Thus begins my first communique involving beef (just as a friendly warning to those who might not be so keen on the idea)...
Beef is a pretty sticky situation in this day and age: Overcrowding, injections of antibiotics and other mystery drugs, fecal run-off, deforestation, e. coli - and on and on. Why would I even suggest eating such nasty stuff, you ask? Well, in my case, my propensity to be iron deficient - and my doctor's admonitions - require that I do so. But the stuff's not all bad, as long as you know what to look out for. Here are a few helpful guidelines:
GRASS FED: Cattle that are pasture-raised naturally subsist on a diet of grass, rather than industrial feed. Mass produced beef tends to be fattened up with soy and corn by-products and kept in tiny pens indoors, away from the sun, with no room to even turn around (thus the need for such excessive amounts of antibiotics). What is wrong with this? Well, for one, it's cruel. Furthermore, Americans eat far too many refined corn and soy products to begin with (high fructose corn syrup, chemically altered soy derivatives, cornstarch, etc. etc.) which is partly responsible for our current obesity dilemma. And what the cow eats, you eat. Thirdly, pasture-raised cows, if they truly are that, are more environmentally sustainable, because you can't keep thousands of grazing cows on one farm, however huge, meaning there is less fecal matter that runs off into our water systems. (However, the "grass-fed" label can lie: it might mean that the cows are left to graze for only the first few months of their lives, and are henceforth confined to cattle pens - so better yet, look for "grass-finished"). As an added perk, if the farmer adheres to a crop-rotation system, once the cattle have completely trampled and eaten up all the grass, the manure they leave behind can be used as natural fertilizer to grow crops in the very same swath of land, which makes use of the important carbon-nitrogen cycles that for centuries have supported the sustainable use of limited tracts of farmland.
LOCAL: If you can't find grass fed stuff at the supermarket, go to your local farmers market and start poking around there! Since local probably means small (unless you live next door to a big cattle factory), any way you slice it, this beef will have had less of an impact on our planet than the supermarket options. Also, it's fun to get involved in the resurgence of local agriculture and support the fight that these folks have ahead of them against the big-name, US government-subsidized agri-evil-businesses.

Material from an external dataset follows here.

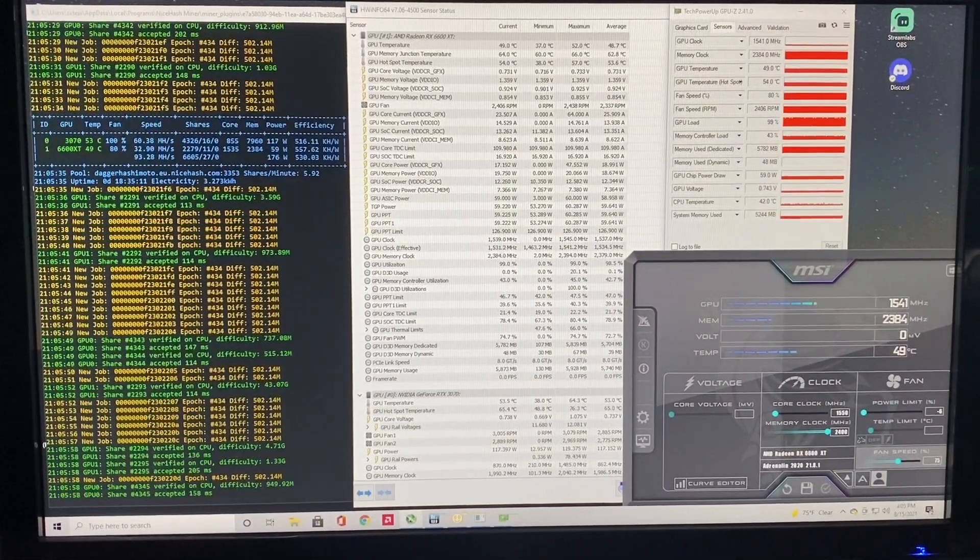In the video you'll see my MSI Afterburner tuning settings, with GPU-Z and HWiNFO running in the background along with the Excavator screen. The video will play at a fast-forwarded rate so you can see the timestamps, hash rate stamps, and wattage stamps. Without further ado, let's look at these mining numbers.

ORGANIC: If all else fails, go for organic - an unfortunately increasingly meaningless label. What you'll be getting: beef from factory-raised cattle that never saw the light of day, were fed feed (albeit organic) rather than grass, and may or may not have been shot up with cocktails of drugs during their lifetime. Oh, you thought organic meant drug-free? No sir. Another battle won by the commercial cattle-farming industry and another blow to the USDA's waning integrity.
Okay, now that you're thoroughly disheartened, I'll show you the beef dish I made, which used a grass-fed (I couldn't find grass-finished) lean bottom round cut.
Deconstructed Beef Negimaki
A bottom round cut of beef holds up well in stir fries because it's extra-tough and marbles nicely. This recipe can be doubled, tripled, even quadrupled - just make sure you have a large enough wok or saute pan to pull it off without overcrowding the pan; doing so could leave you with a steamed mush of meat.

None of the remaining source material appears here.